What the task asks: Without the pictures, set down the records below word for word.

Material shown:
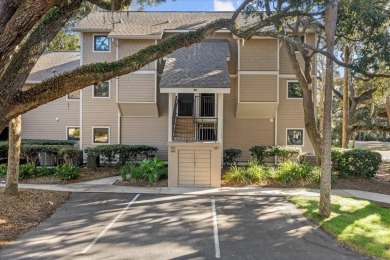 Immaculate and well maintained upper level 1 bedroom 1.5 on The Seabrook Island Club in South Carolina - for sale on GolfHomes.com, golf home, golf lot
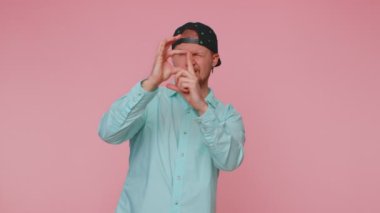 Fotoğrafçı, zoom 'u taklit eden elleri ile resim çerçevesi çiziyor ve güzel resim fotoğrafı kesiyor.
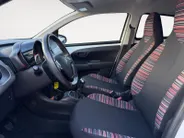 Citroën C1 1.0 e-VTi Feel | Zeer nette auto | Airconditioning | Bluetooth radio | All-season banden |
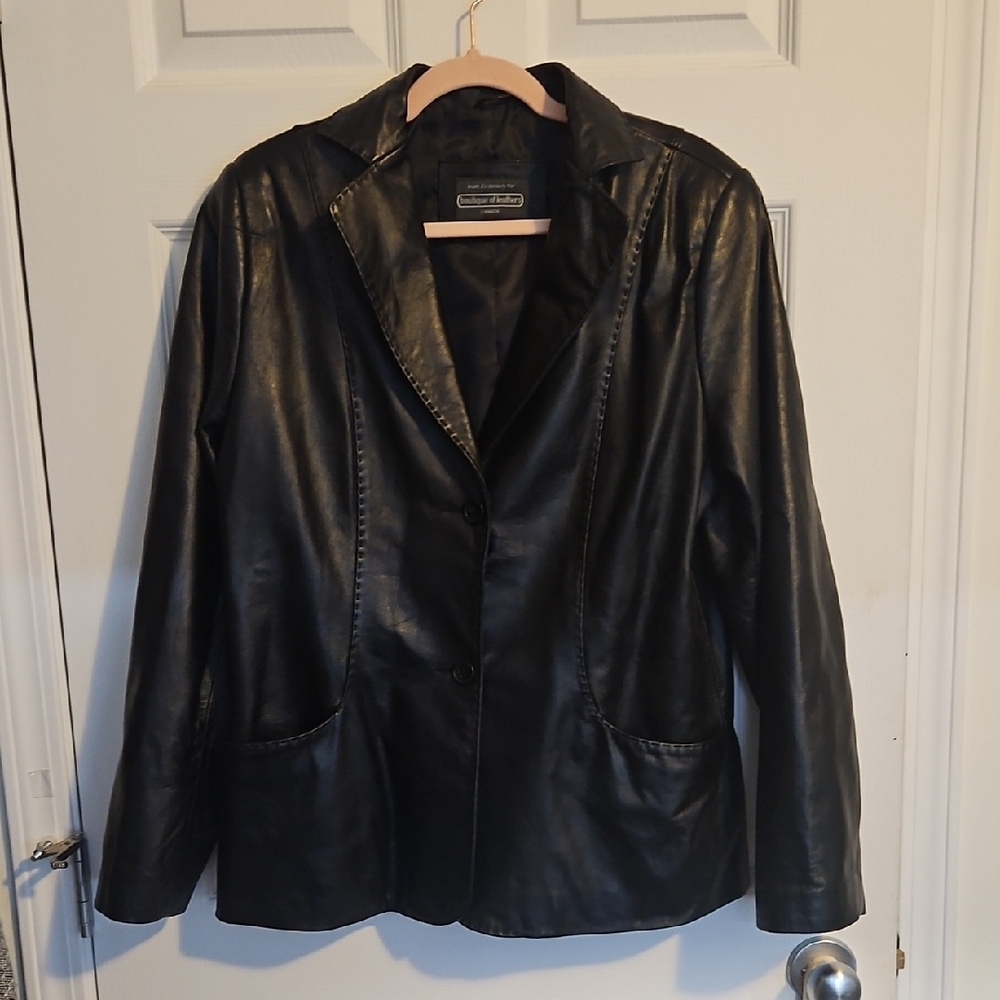 Elegant Black Leather Jacket for Women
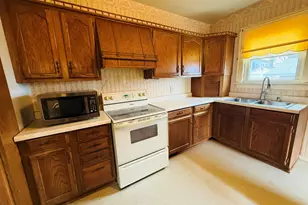 1012 N Bloomington St, Streator, IL 61364 - Photo 5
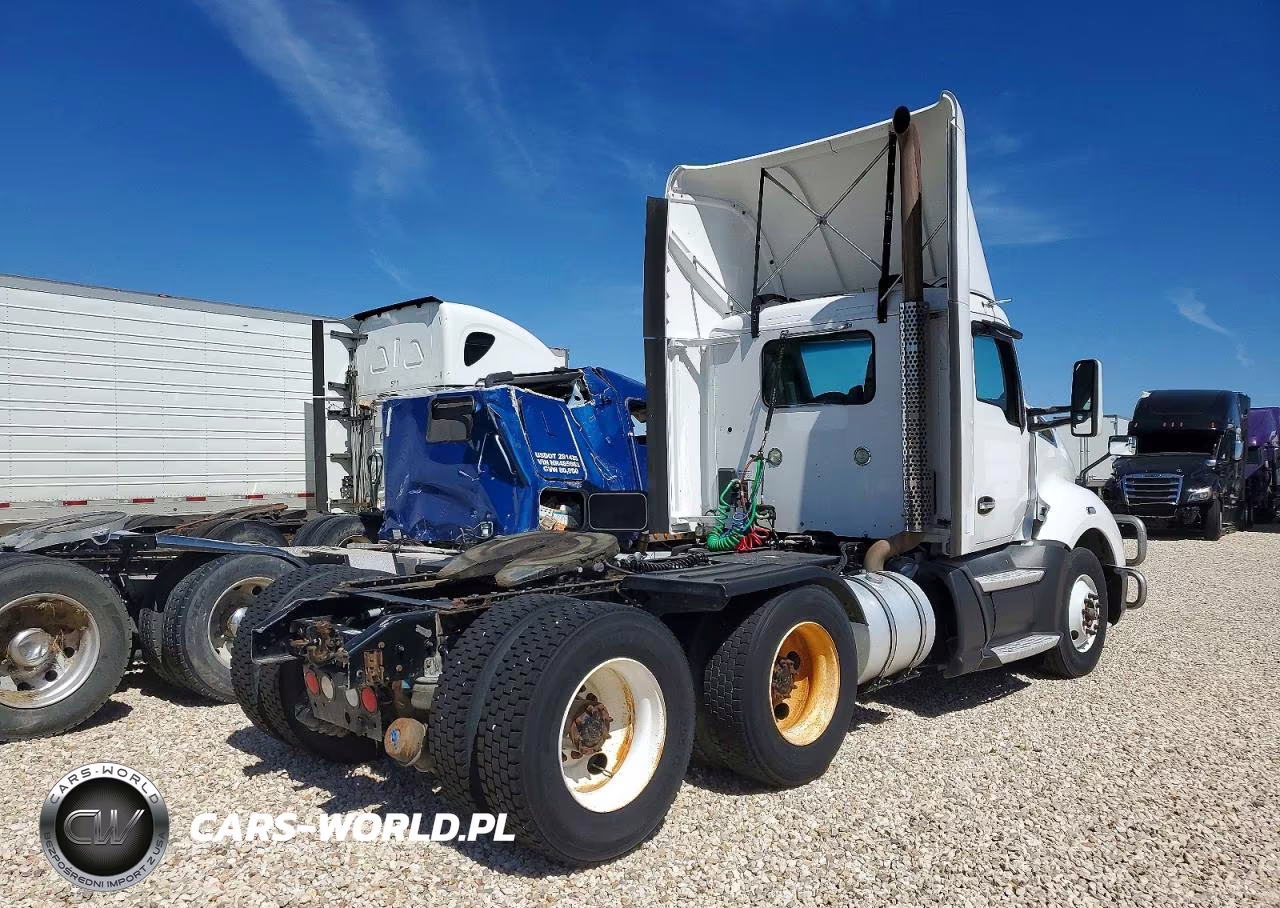 2016 Kenworth T680 Semi Truck VIN:1XKYD49X1GJ496756 - 4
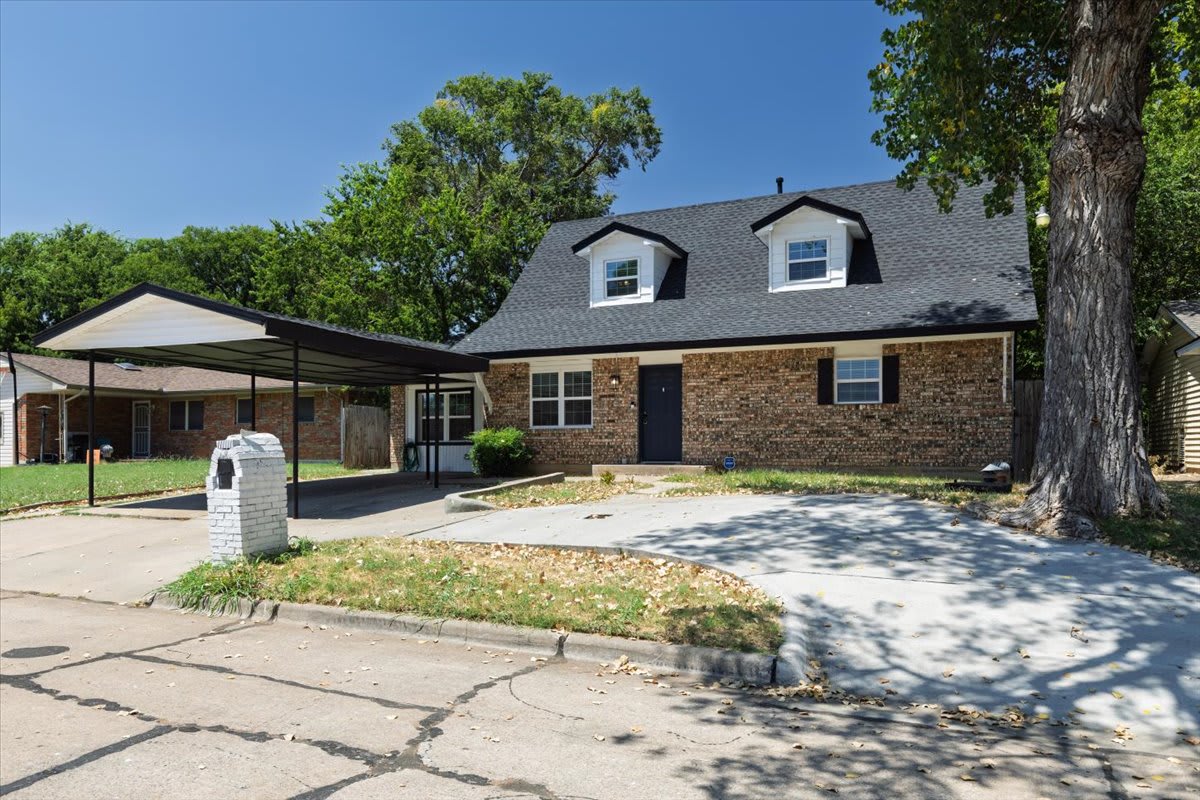 122 Northeast Angus Street – photo 2
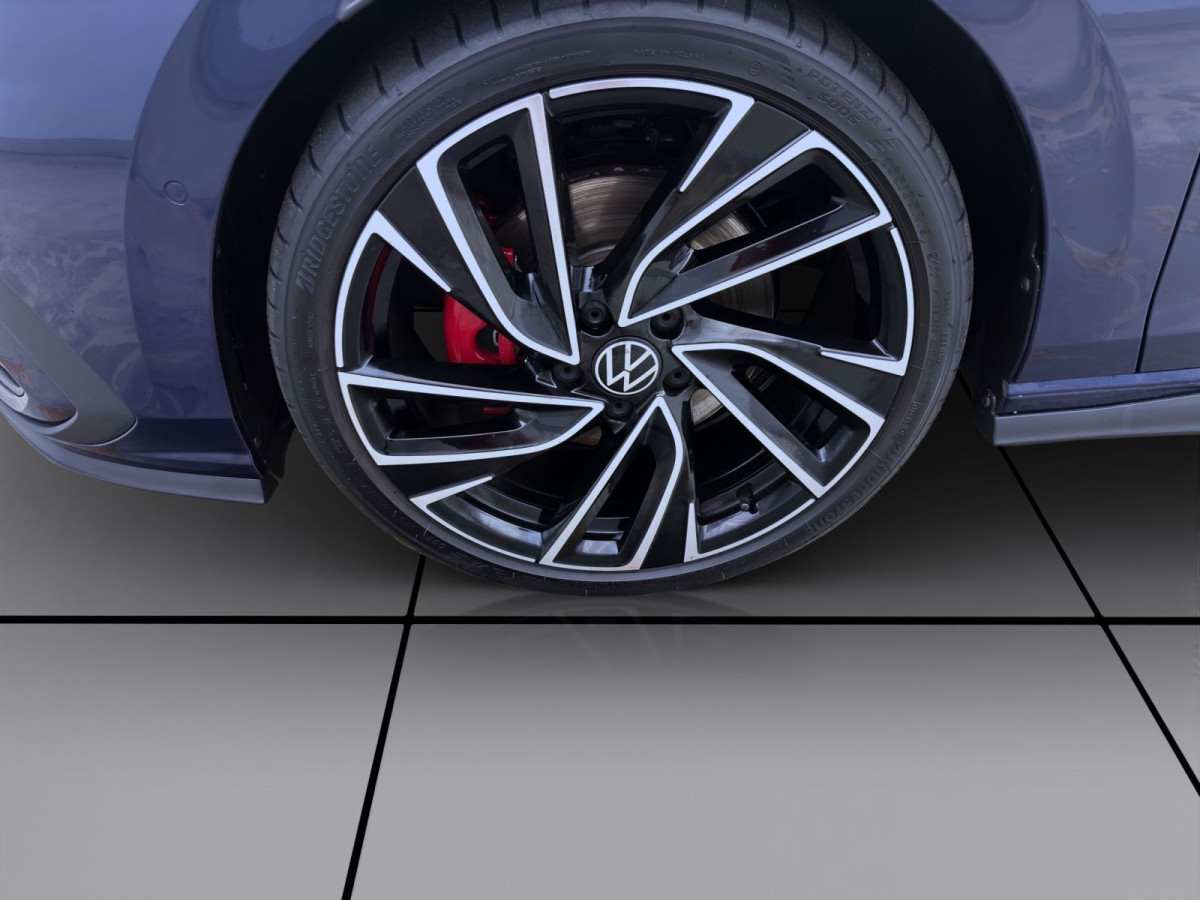 Thumb 8: Volkswagen Golf GTD STDHZG PANO IQ.LIGHT NAVI DCC HuD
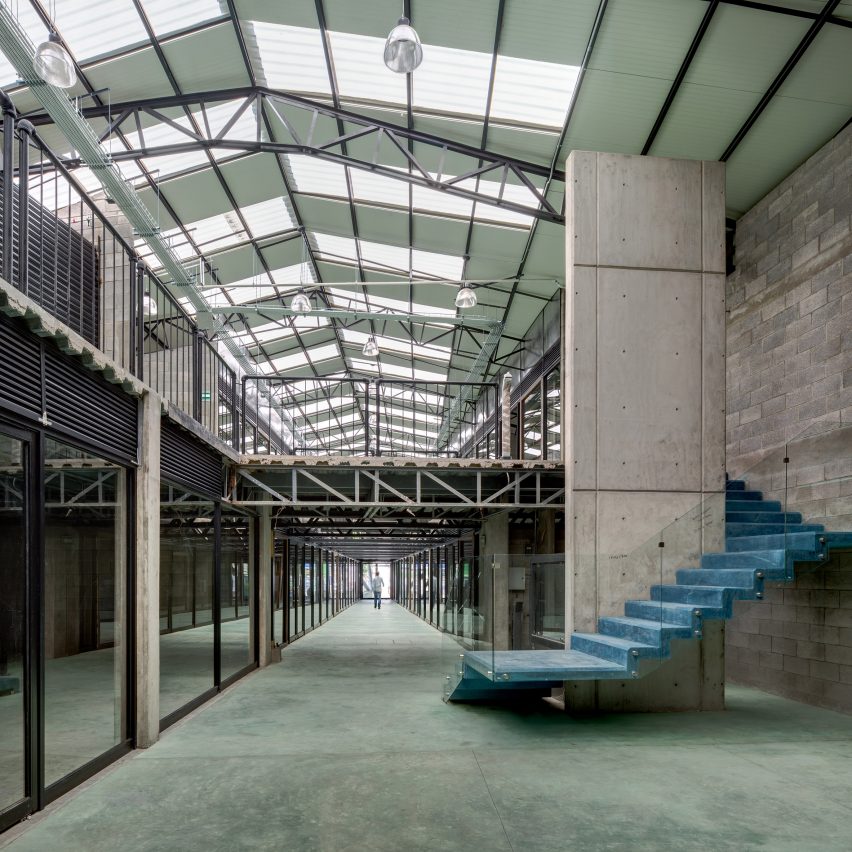 Triangulo Corona by Arqmov Workshop
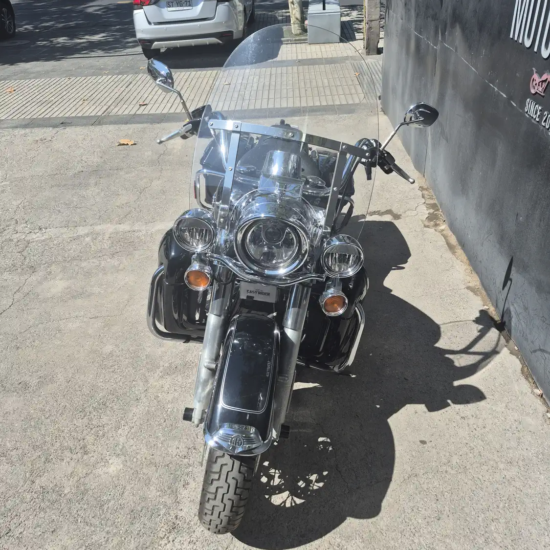 HARLEY-DAVIDSON FLHRCI ROAD KING CLASSIC 2012 - Imagen 4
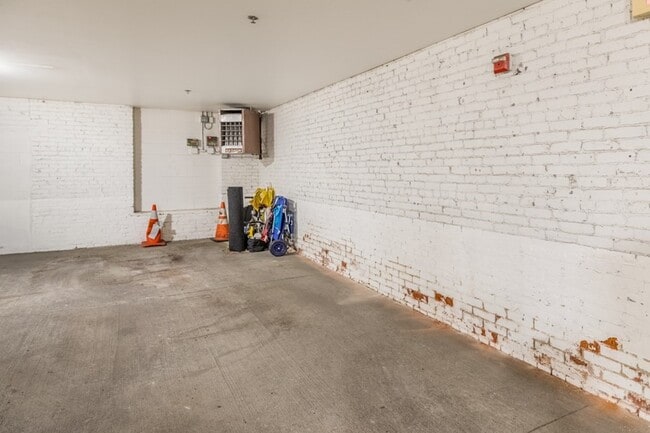 Building Photo - 27 Wormwood St
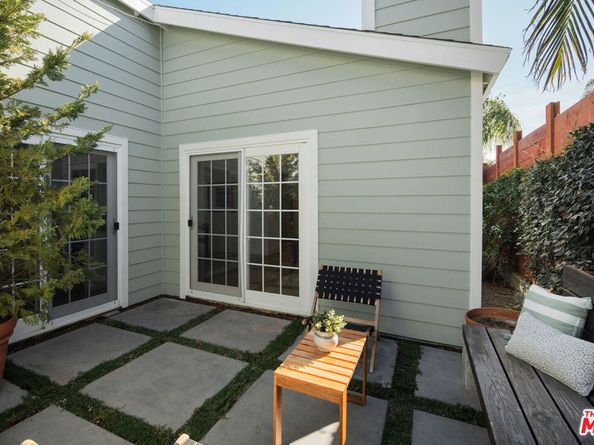 215 Portland Avenue, Huntington Beach CA 92648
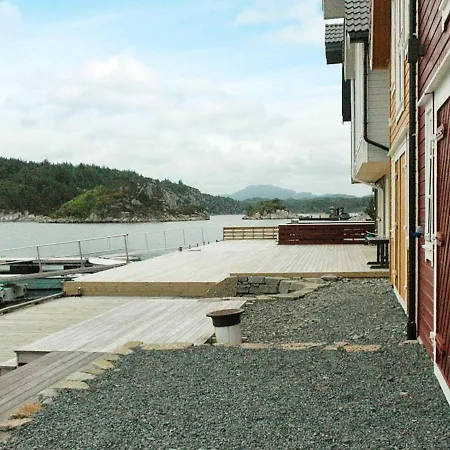 Four-bedroom Holiday In Urangsvag Дом отдыха *
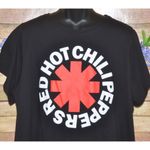Red Hot Chili Peppers Mens Unisex Black Concert T Photo 1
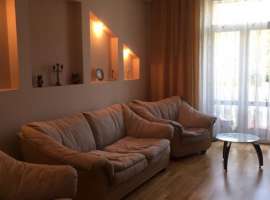 Продается 3-х комнатная квартира (Сталинка) с мебелью в центре...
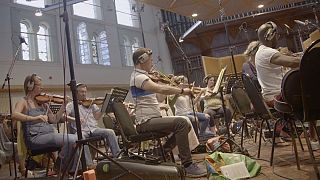 65μελής ορχήστρα κλασικής μουσικής ερμηνεύει house επιτυχίες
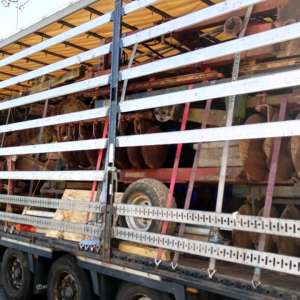 Peste 56 tone de deșeuri oprite la intrarea în țară, la Nădlac II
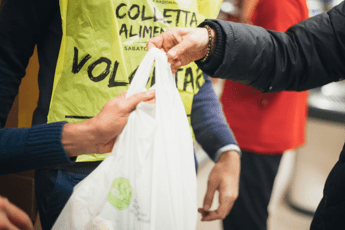Giornata colletta alimentare, raccolte 8mila tonnellate di cibo Giornata colletta alimentare, raccolte 8mila tonnellate di cibo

Task solution:
 Immaculate and well maintained upper level 1 bedroom 1.5 on The Seabrook Island Club in South Carolina - for sale on GolfHomes.com, golf home, golf lot
 Fotoğrafçı, zoom 'u taklit eden elleri ile resim çerçevesi çiziyor ve güzel resim fotoğrafı kesiyor.
 Citroën C1 1.0 e-VTi Feel | Zeer nette auto | Airconditioning | Bluetooth radio | All-season banden |
 Elegant Black Leather Jacket for Women
 1012 N Bloomington St, Streator, IL 61364 - Photo 5
 2016 Kenworth T680 Semi Truck VIN:1XKYD49X1GJ496756 - 4
 122 Northeast Angus Street – photo 2
 Thumb 8: Volkswagen Golf GTD STDHZG PANO IQ.LIGHT NAVI DCC HuD
 Triangulo Corona by Arqmov Workshop
 HARLEY-DAVIDSON FLHRCI ROAD KING CLASSIC 2012 - Imagen 4
 Building Photo - 27 Wormwood St
 215 Portland Avenue, Huntington Beach CA 92648
 Four-bedroom Holiday In Urangsvag Дом отдыха *
Red Hot Chili Peppers Mens Unisex Black Concert T Photo 1
 Продается 3-х комнатная квартира (Сталинка) с мебелью в центре...
 65μελής ορχήστρα κλασικής μουσικής ερμηνεύει house επιτυχίες
 Peste 56 tone de deșeuri oprite la intrarea în țară, la Nădlac II
Giornata colletta alimentare, raccolte 8mila tonnellate di cibo Giornata colletta alimentare, raccolte 8mila tonnellate di cibo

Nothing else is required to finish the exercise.